So the entire goal of choosing a price on Amazon revolves around this goal:
“Getting highest amount you can for that item, while still selling it within your desired time frame.”
(write that down)
Too much emphasis on “selling something fast”? Your margins and overall profits wills suffer. Too much emphasis on “getting the highest price possible”? You’re turnover is going to be terrible, and have your capital tied up in a lot of inventory for a very long time.
Striking a balance: That’s the entire game of pricing.
Pricing Strategy Principle #2: If item is not repriced, it’s effectively not for sale.
This sounds dramatic, but its true.
If you have inventory listed for sale on Amazon, and you haven’t repriced it recently (preferably in the last 24 hours), that inventory may as well not be listed at all.

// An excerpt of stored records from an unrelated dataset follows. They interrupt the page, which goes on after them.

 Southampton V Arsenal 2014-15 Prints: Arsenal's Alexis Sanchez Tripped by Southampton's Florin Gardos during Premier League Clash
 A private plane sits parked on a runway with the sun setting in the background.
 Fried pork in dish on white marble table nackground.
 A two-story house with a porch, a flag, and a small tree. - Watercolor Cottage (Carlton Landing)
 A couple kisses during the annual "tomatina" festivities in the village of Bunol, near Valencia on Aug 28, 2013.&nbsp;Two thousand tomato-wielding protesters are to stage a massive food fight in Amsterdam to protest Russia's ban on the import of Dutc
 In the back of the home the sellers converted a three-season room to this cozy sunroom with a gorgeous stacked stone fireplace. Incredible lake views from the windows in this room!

Here’s why:
When you list something for sale on Amazon, what often happens within minutes (or seconds)? You get underpriced by another seller. And if you get underpriced by too many sellers, customers won’t see your offer. And if they can’t see it, they won’t buy it. Which makes your item effectively not for sale.

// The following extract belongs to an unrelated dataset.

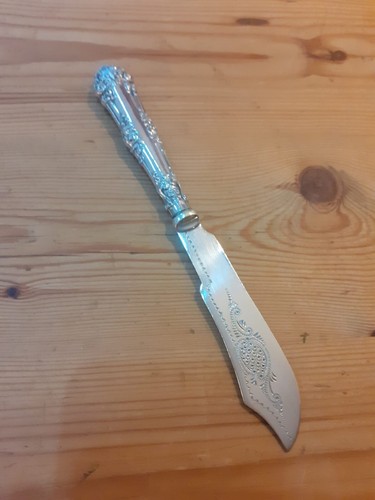 Antique silver butter knife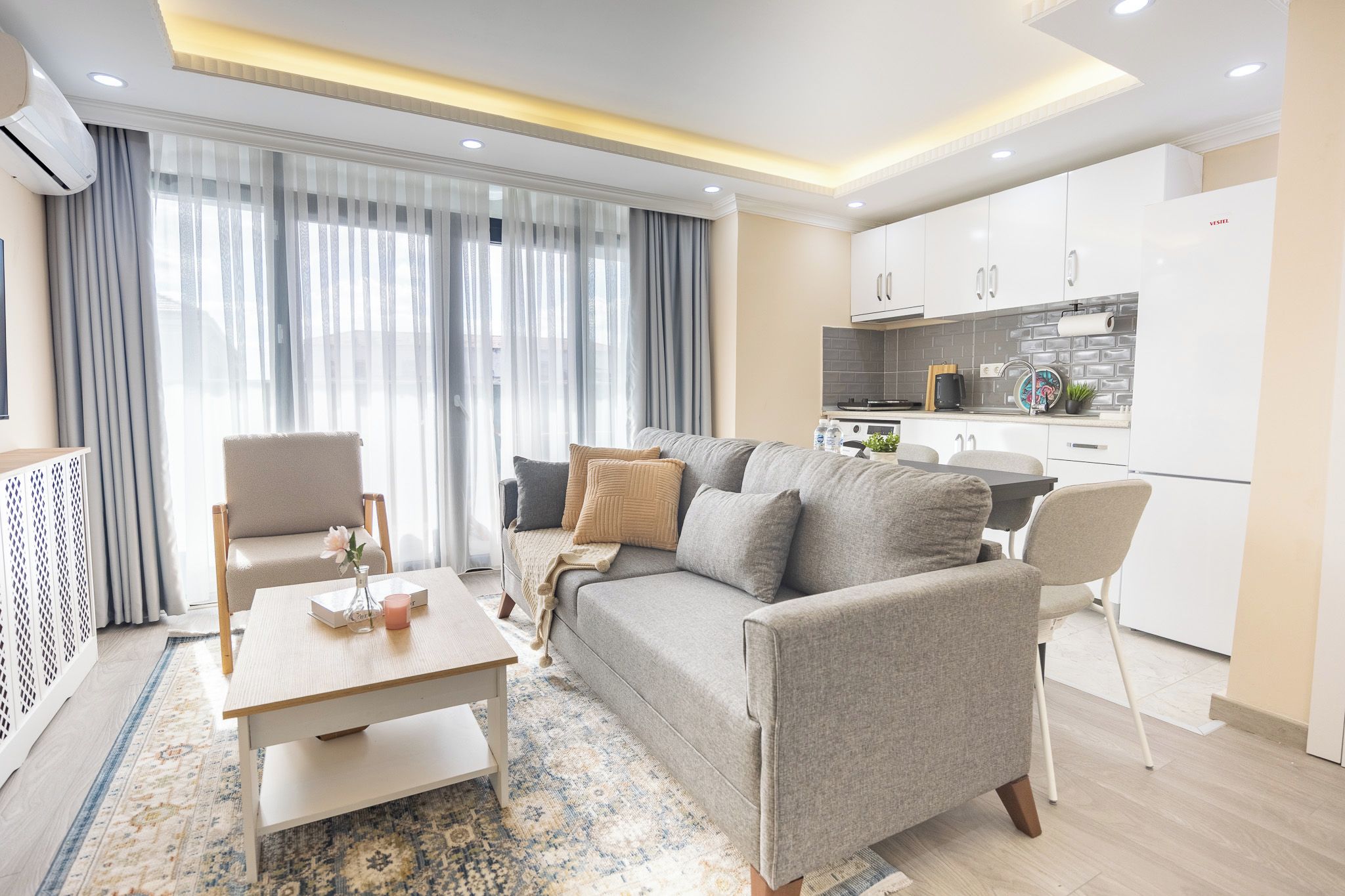 A modern living room with a sofa, chairs, a coffee table, and a kitchen area with cabinets and appliances.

If Amazon buyers don’t see your offer, they won’t buy it.
Here’s what this DOESN’T mean (and what I’m NOT saying):
- I’m not saying prices only go down. Prices go both up and down. Price swings can be very dramatic in either direction.
- I’m not saying if you stop repricing completely, you’ll never sell another item again.

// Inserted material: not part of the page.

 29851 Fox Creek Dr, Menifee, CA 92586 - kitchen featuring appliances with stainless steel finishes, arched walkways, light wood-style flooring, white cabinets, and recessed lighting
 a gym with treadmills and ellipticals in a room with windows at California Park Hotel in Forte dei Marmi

What can’t be argued is that neglecting repricing will result in a significant percentage of your inventory getting buried by other sellers, and that inventory possibly never selling.
A man has 1,000 items in his inventory. He hasn’t repriced that inventory in 30 days. How many items does he have for sale?
Sounds like a Buddhist riddle. But this is a serious business question, and the answer might be as little as 100 items. Maybe less.
Because 900 of them quite possibly have been buried by competitors, so deep that they may never been seeing (or sold) again.
If an item is not repriced, it is effectively not for sale at all.
This is why repricing is mandatory.
Pricing Strategy Principle #3: You should (often) price higher than lowest competitor
There’s a time and place for blindly matching the lowest price among your competitors and getting a quick sale.
The problem is that blindly matching (or – gasp – underpricing) the lowest price competitor is the only pricing strategy the majority of Amazon sellers have. Which is no pricing strategy at all.
You should be pricing higher than the lowest price when the following conditions apply:
- An item is in high (or reasonably strong) demand.
- The extra profits you’ll get from pricing higher make pricing higher worth it.
Have a very low-demand item for sale? Maybe this doesn’t make sense, and you should just aim to get the quickest sale. Have a higher demand item but the lowest 5 competing prices are all bunched up within a dollar or two of the lowest? Maybe it makes sense just to match that lowest price and get the quicker sale.
But always chasing the lowest price is losing pricing (and repricing) strategy.
The key detail here is that there is nothing special about the lowest price at this moment. It’s just the price right now. Prices go up and down all the time, and there’s no reason to assume the lowest price at this moment is also the best price (it probably isn’t).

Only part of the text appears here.